> **WORK ITEM**
Images don't belong in the copy. Output the rest of the data exactly.

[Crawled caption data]
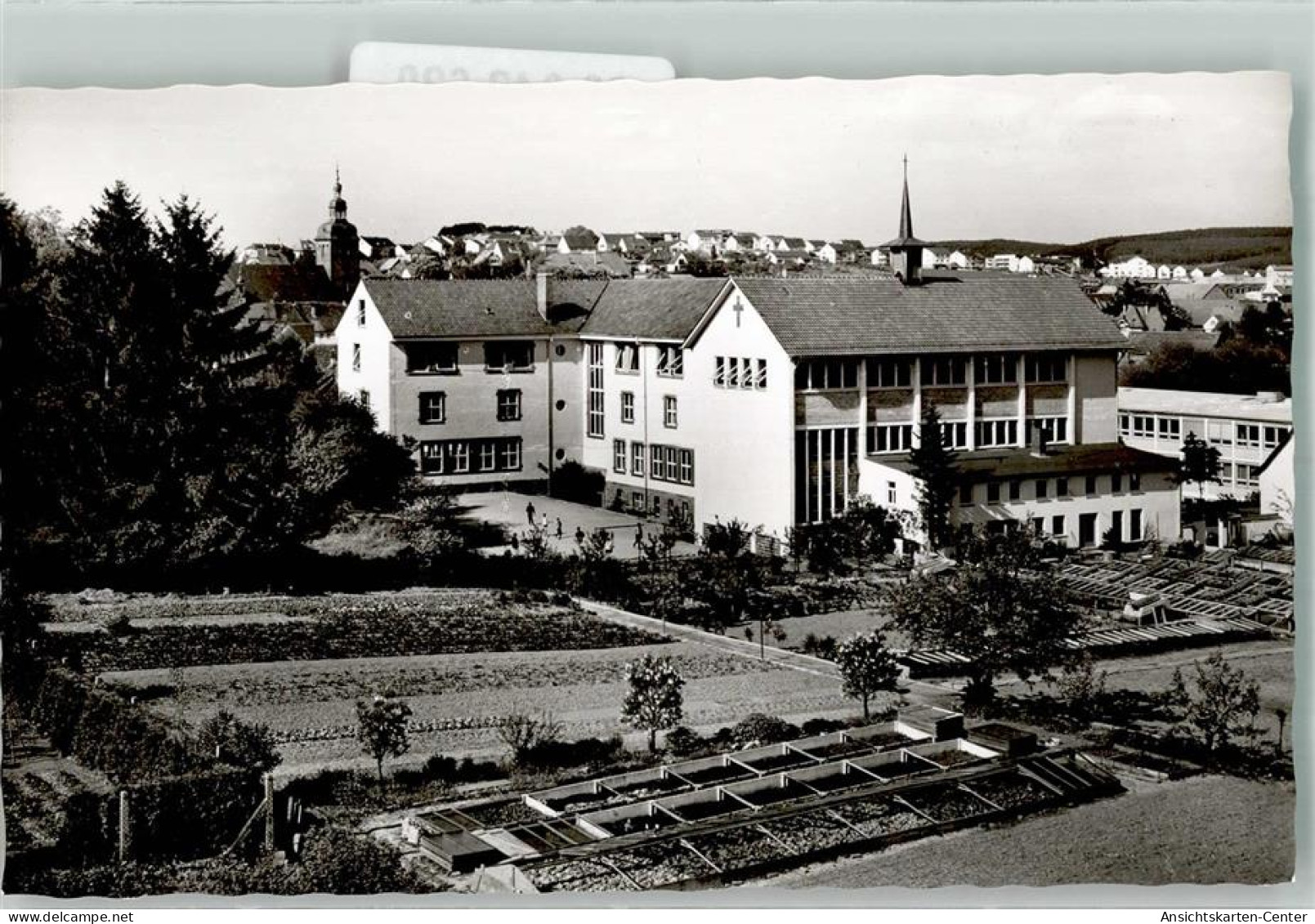 39840629 - Buchen Odenwald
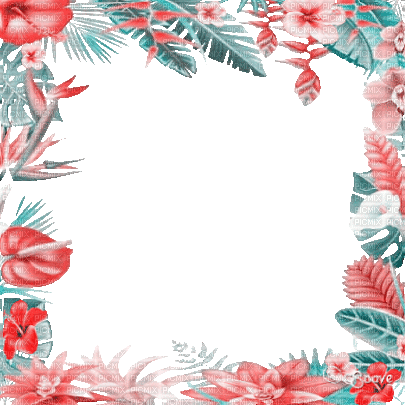 soave frame flowers summer animated tropical - Besplatni animirani GIF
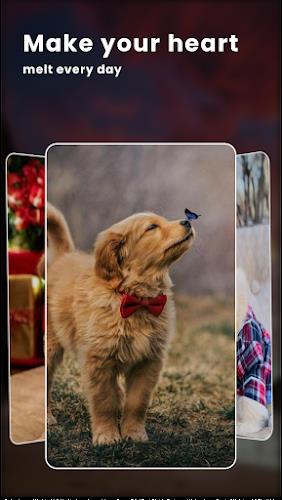 Puppy Love: Cute Dog Wallpaper Capture d'écran 2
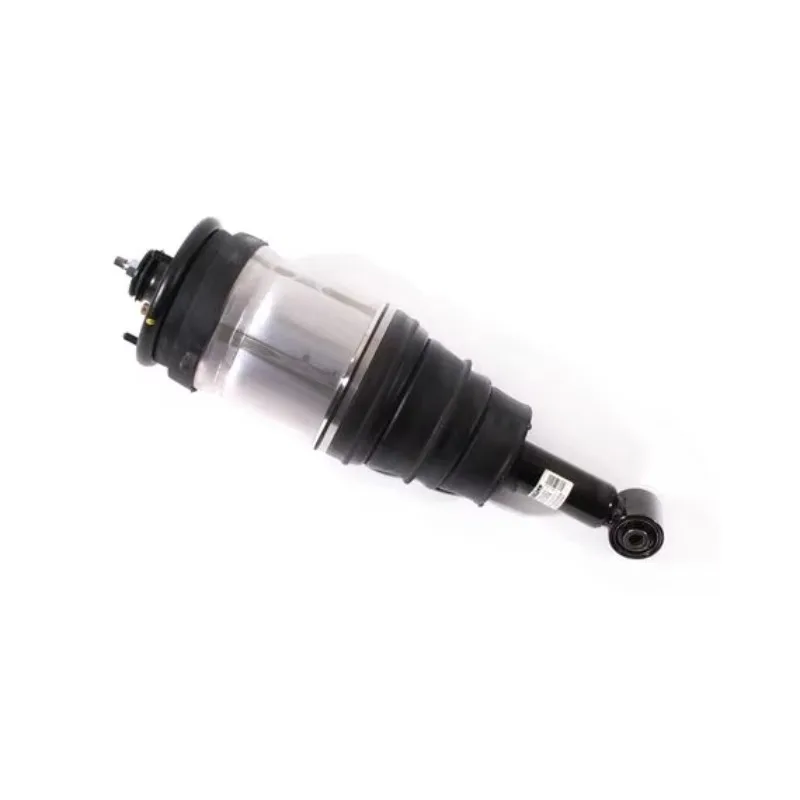 Auto parts Rear shock absorbers Auto shock absorbers
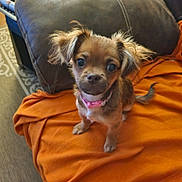 Bella is registered to the contest to win money with this photo: dog, puppy, small_dog, fluffy_ears, pink_collar, orange_blanket, brown_couch, indoor, pet, cute, looking_up, fur, animal, companion, domestic, sitting, curious, friendly, young_dog, living_room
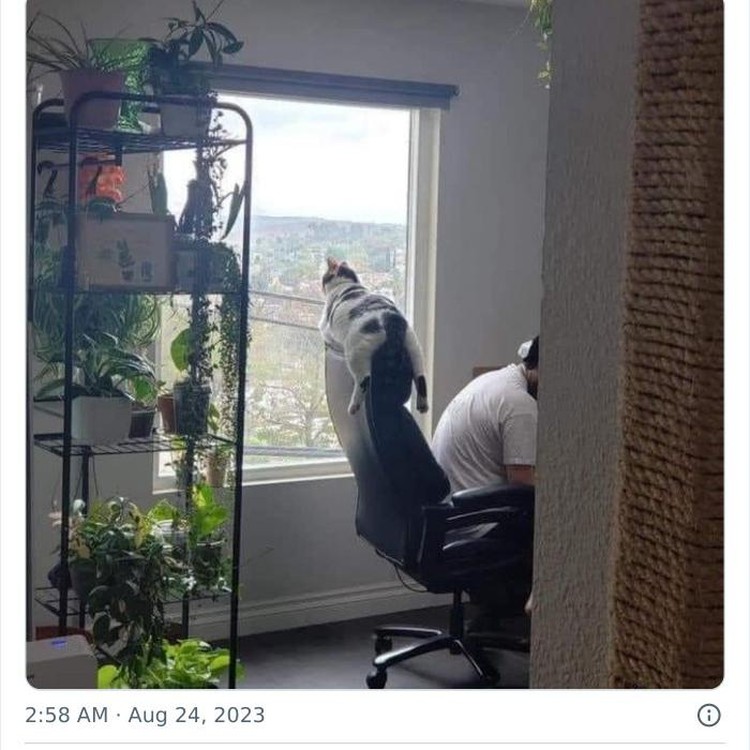 Tingkah kucing suka ada saja, deh! Ini dia beberapa bukti kalau kucing adalah hewan absurd yang suka menghibur.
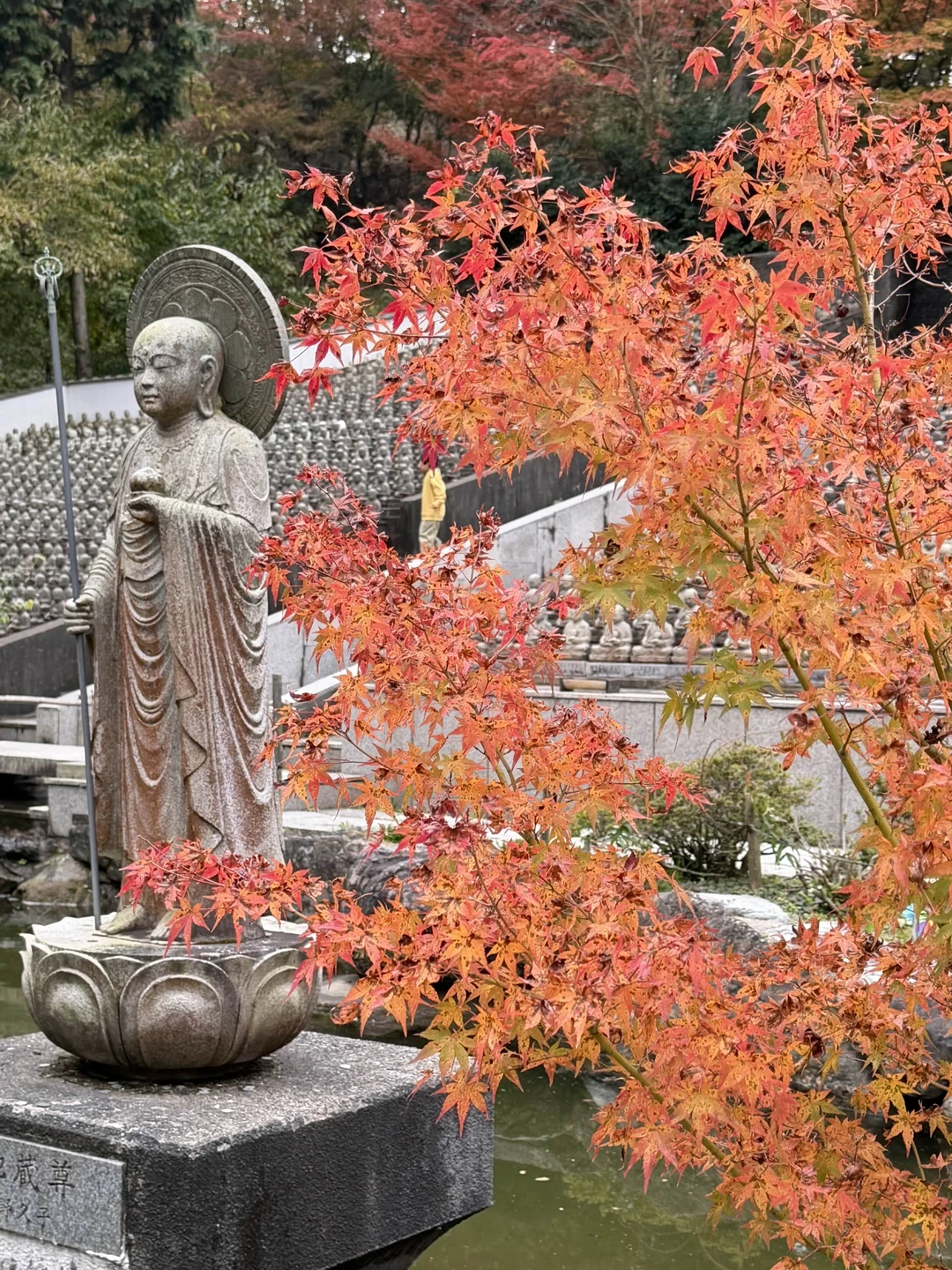 Хотим поблагодарить Светлану за реализацию нашей мечты - увидеть своим глазами красные клёны 🍁🥰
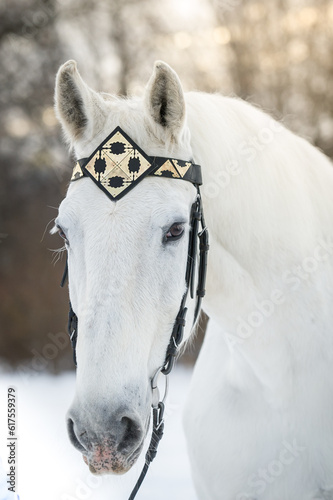 white trotter horse in medieval front headband outdoor horizontal portrait in winter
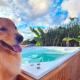 Vila Pitangueira - Apto Laranja - No Centro de Serra Grande com Piscina, Jacuzzi, Internet Veloz, セーハ・グランデ - 写真 1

> **TASK OUTPUT**
 39840629 - Buchen Odenwald
 soave frame flowers summer animated tropical - Besplatni animirani GIF
 Puppy Love: Cute Dog Wallpaper Capture d'écran 2
 Auto parts Rear shock absorbers Auto shock absorbers
 Bella is registered to the contest to win money with this photo: dog, puppy, small_dog, fluffy_ears, pink_collar, orange_blanket, brown_couch, indoor, pet, cute, looking_up, fur, animal, companion, domestic, sitting, curious, friendly, young_dog, living_room
 Tingkah kucing suka ada saja, deh! Ini dia beberapa bukti kalau kucing adalah hewan absurd yang suka menghibur.
 Хотим поблагодарить Светлану за реализацию нашей мечты - увидеть своим глазами красные клёны 🍁🥰
 white trotter horse in medieval front headband outdoor horizontal portrait in winter
 Vila Pitangueira - Apto Laranja - No Centro de Serra Grande com Piscina, Jacuzzi, Internet Veloz, セーハ・グランデ - 写真 1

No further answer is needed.